China Entering a Recession, Not Just a “Hard Landing?”

Saturday, August 29, 2015
By Paul Martin

by Wolf Richter
August 29, 2015

A “hard landing” would be tough for China. But it would still mean economic growth, if very slow growth by Chinese standards. At worst, it would mean stagnation. But now, evidence is piling up that the economy is actually shrinking.

There is practically universal agreement outside official Chinese reporting that the economy hasn’t been growing at anything near the official and for most countries awesome rate of 7% in the last two quarters.

In the US, we don’t know what our quarterly GDP growth is either. We get the first estimate, which may be negative, and then the second estimate, which may be worse. Then the third estimate may suddenly be positive, by which time people stopped paying attention. GDP continues to be revised years later. It’s tough to measure a big economy.

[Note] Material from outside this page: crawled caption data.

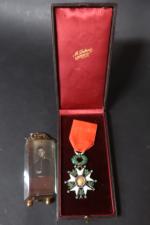 France Ordre de la Légion d'honneur. Étoile de Chevalier, IIIè...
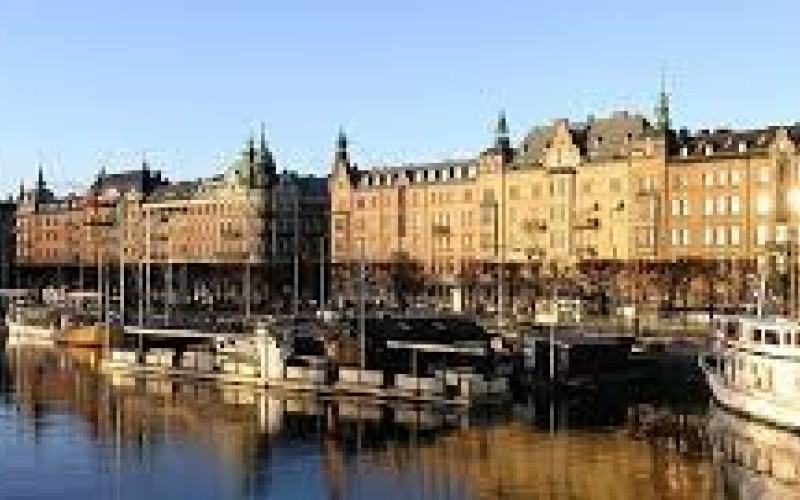 Salong på attraktiva Strandvägen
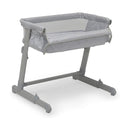 Delta - Whisper Bedside Bassinet, Grey Stripes  Image 1
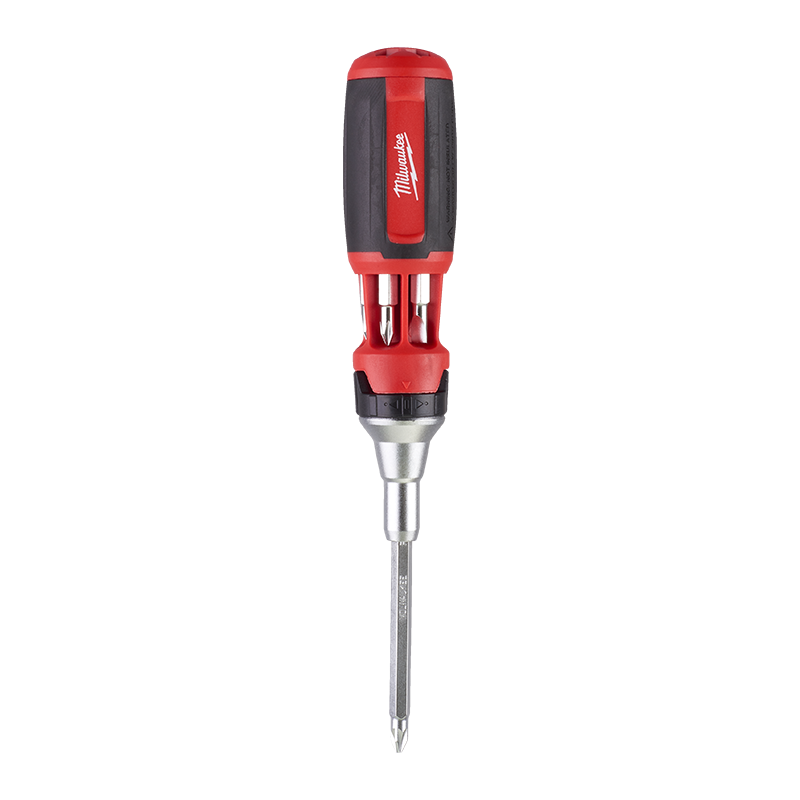 Milwaukee 9 in 1 Ratcheting Multi-bit Driver 4932471598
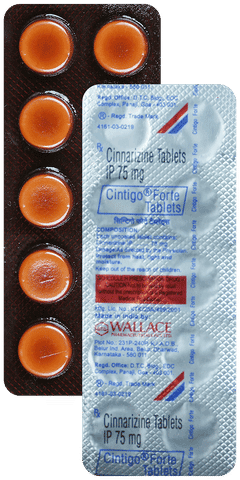 Cintigo Forte Tablet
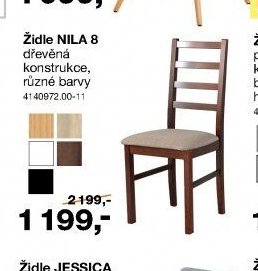 Židle NILA 8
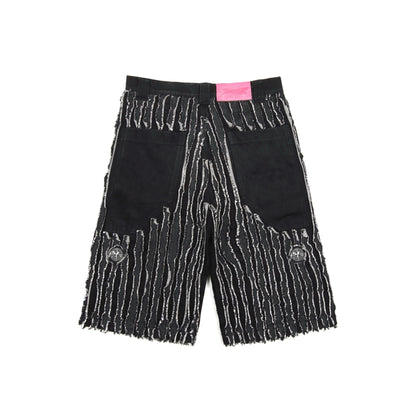 NEW RÄP Jorts Black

But China doesn’t even revise its GDP growth number. It comes out shortly after the quarter ends and stands as rock-solid as the Communist Party itself. And it always matches or exceeds the decreed target.

Hence no one believes it.

Yang Jian, managing editor of Automotive News China, who has been fretting about plunging auto sales, put it this way:

[E]ven some Chinese government officials remain wary of the reliability of economic data released by the National Bureau of Statistics.
Li Keqiang, now Chinese premier, was one of them. When he was head of the local communist party in northeast China’s Liaoning province ten years ago, he invented his own method of gauging the national economy’s performance by relying on three variables government statisticians cannot easily inflate – electricity consumption, rail cargo volume, and bank lending.